Carmel Mountain Ranch, sometimes shortened to simply Carmel Mountain, or abbreviated to CMR by local residents and organizations is a community of San Diego, California, United States, in the northeastern part of the city. Despite its name, Carmel Mountain Ranch is actually in the shadow of Black Mountain. Carmel Mountain proper is about 10 miles west of the Carmel Mountain Ranch neighborhood.

Geography
The community is bounded by the city of Poway to the east, and other communities of San Diego on all other sides: Rancho Bernardo to the north, Rancho Peñasquitos to the west, and Sabre Springs to the south.

Economy

Retail
Several shopping centers are located adjacent to one another:
Carmel Mountain Plaza
Carmel Mountain Ranch Town Center
Carmel Mountain Ranch Home Center
Price Plaza (anchored by Costco Wholesale/opened as Price Club in 1992)
The Courtyard at Carmel Mountain Ranch

Commercial
The Carmel Mountain Ranch/Rancho Bernardo submarket is the fifth-largest office space submarket in San Diego County, with over 6 million square feet of office space. It is part of an "I-15 edge city", edge city being a major center of employment outside a traditional downtown.

The Carvin Corporation is headquartered near these centers. The Carmel Mountain Ranch Country Club is a closed golf course located in the community.

In 1993, the United States Postal Service opened the Margaret L. Sellers Processing and Distribution Center. The facility is over 15 acres and employees over 1,500 people. Sorting mail destined as far north as Fallbrook, and as far east as Tecate, during the holiday season the facility processes over 300 million items.

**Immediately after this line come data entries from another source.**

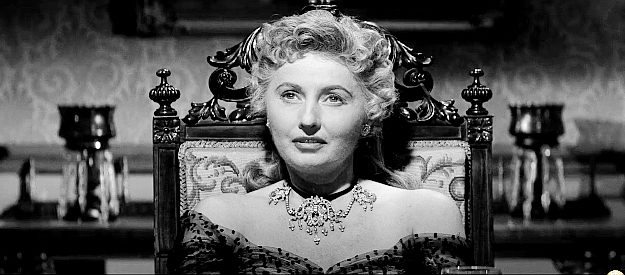 Barbara Stanwyck as Jessica Drummond, sitting at the head of her table of 40 men in Forty Guns (1967)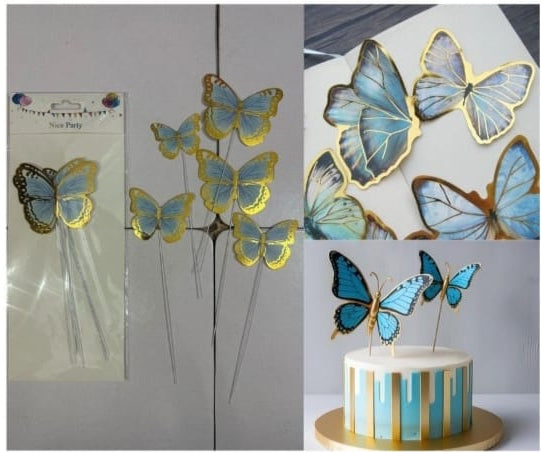 Butterfly cake toppers with gold and blue accents on a cake.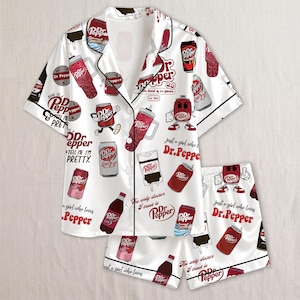 May include: A white short-sleeve button-down pajama shirt and matching shorts set featuring an all-over print of Dr. Pepper soda cans, tumblers, and bottles. The pattern includes the text Dr. Pepper and the phrase Just a girl who loves Dr. Pepper.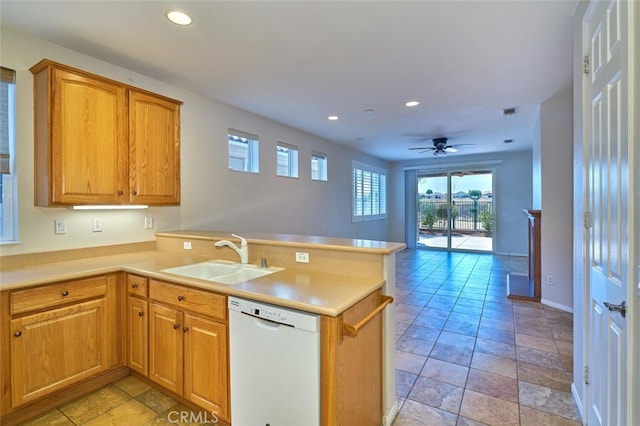 1660 Snowberry Rd, Beaumont, CA 92223 - kitchen with dishwasher, a peninsula, recessed lighting, light countertops, and stone tile floors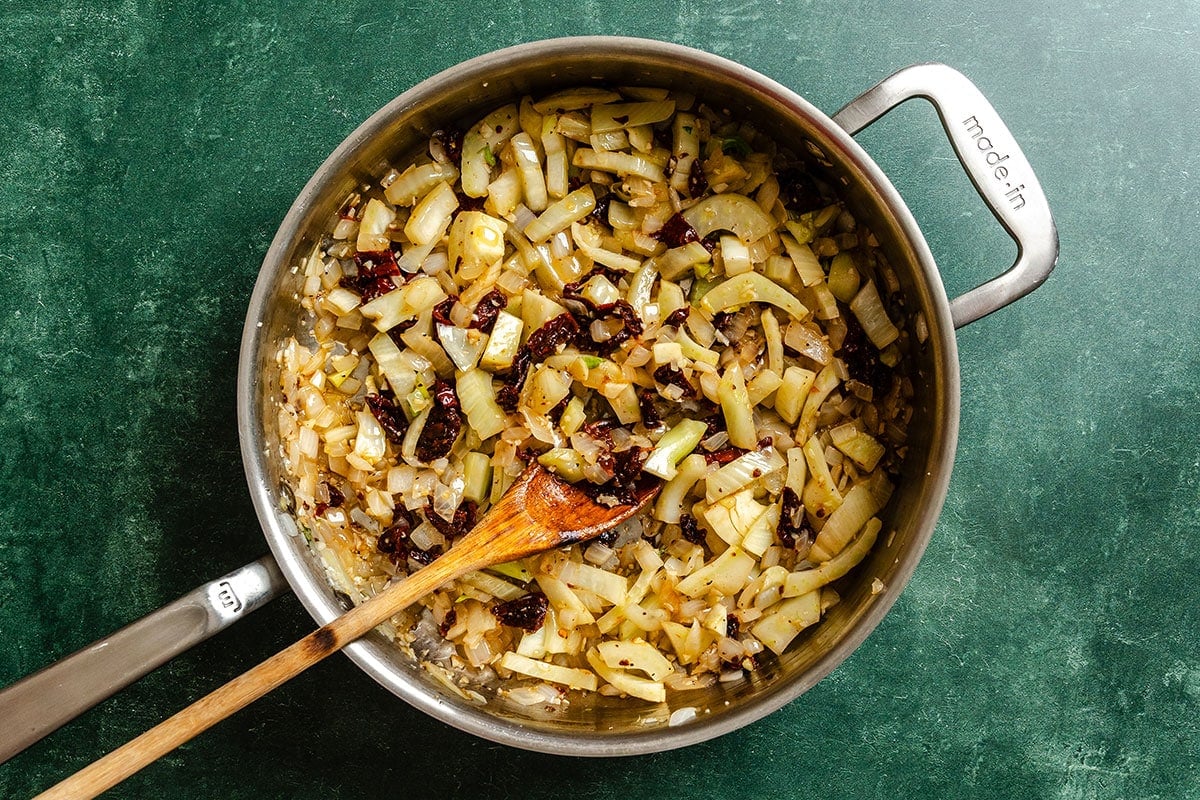 A skillet on a green countertop with sautéed chopped fennel, onions, and sun-dried tomatoes being stirred with a wooden spoon.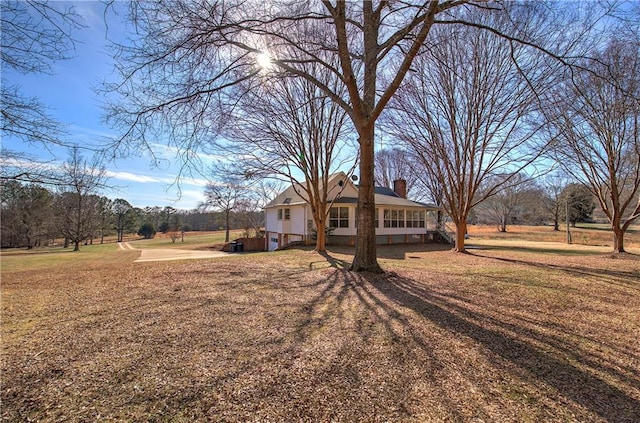 exterior space with a front yard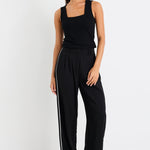 Woman wearing a black sleeveless top and wide-leg pants with white stripes on a white background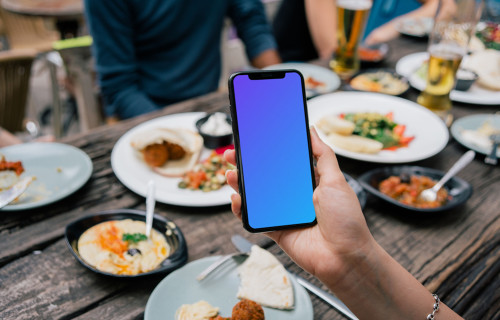 iPhone mockup in a user’s hand at dinner table
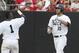 Jun 9, 2013; Raleigh, NC, USA; Rice Owls Michael Aquino celebrates with teammates after hitting a home run against the North Carolina State Wolfpack during the Raleigh super regional of the 2013 NCAA baseball tournament at Doak Field. Mandatory Credit: Jeremy Brevard-USA TODAY Sports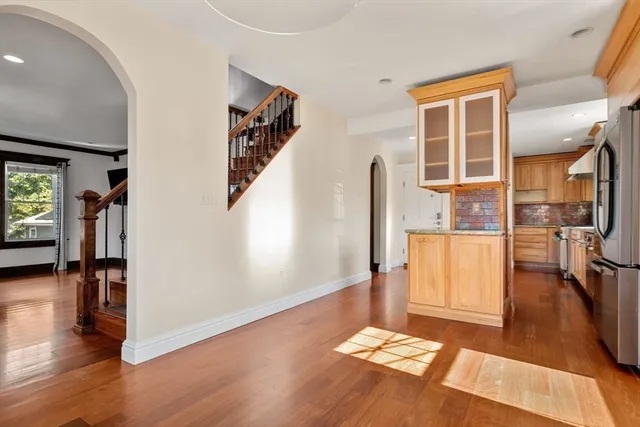 a view of livingroom with hardwood floor and stairs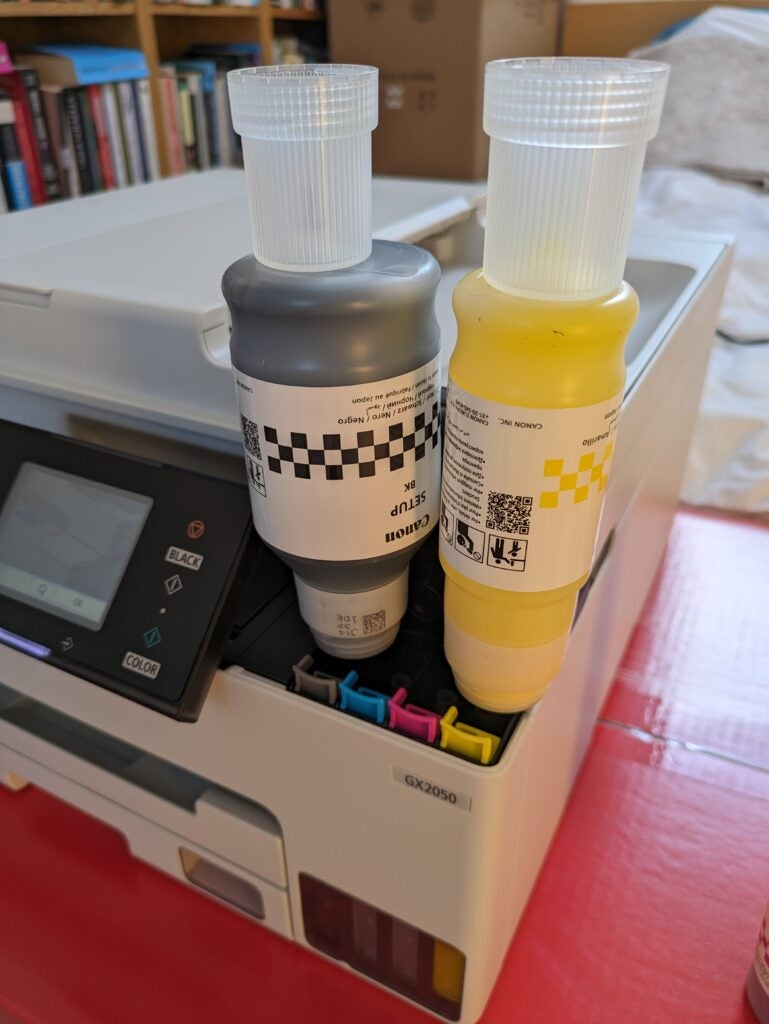 Bouteilles d'encre noire et jaune remplissant l'imprimante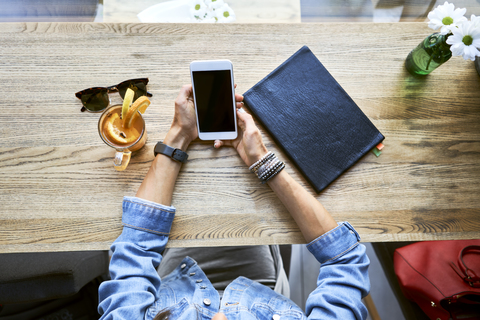 Draufsicht auf eine Frau, die in einem Café einen Tee trinkt und telefoniert, lizenzfreies Stockfoto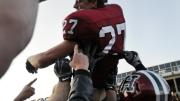 Photograph by Meredith Keffer With Crimson in triumph flashing: Captain Collin Zych rode off on his teammates’ shoulders after the final whistle. The 28-21 victory was Harvard’s fourth straight over Yale, and its ninth in the last 10 Harvard-Yale games.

It replaced the Midway Processing and Distribution Facility, in the Midway neighborhood, which opened in 1972 and stopped processing regional mail in 1993; that facility was built on the site of the Dutch Flats Airport, once utilized by Charles Lindbergh prior to his transatlantic flight.

Transportation

Thoroughfares
I-15 runs along the western edge of Carmel Mountain, and a noticeable stone marker, complete with sign and flags, is visible from the northbound lanes to act as a gateway immediately before the Carmel Mountain Road exit, which is the primary road serving the community. The eastern terminus of SR 56 becomes Ted Williams Parkway as it enters the community; however, it retains its freeway characteristics until it crosses Rancho Carmel Drive. Transportation access from the eastern end of State Route 56, the Ted Williams Parkway and I-15 express lane exits make this community attractive to area commuters.

Public
There are local bus routes. While Carmel Mountain does not share in the name, the Sabre Springs / Penasquitos Transit Station, which provides direct access to the managed express lanes on I-15, is adjacent to the community.

Community events 

Every year the local Chamber of Commerce, headquartered within the community, hosts a fall festival at which local businesses, community organizations, and school representatives set up information booths and interact with attendees.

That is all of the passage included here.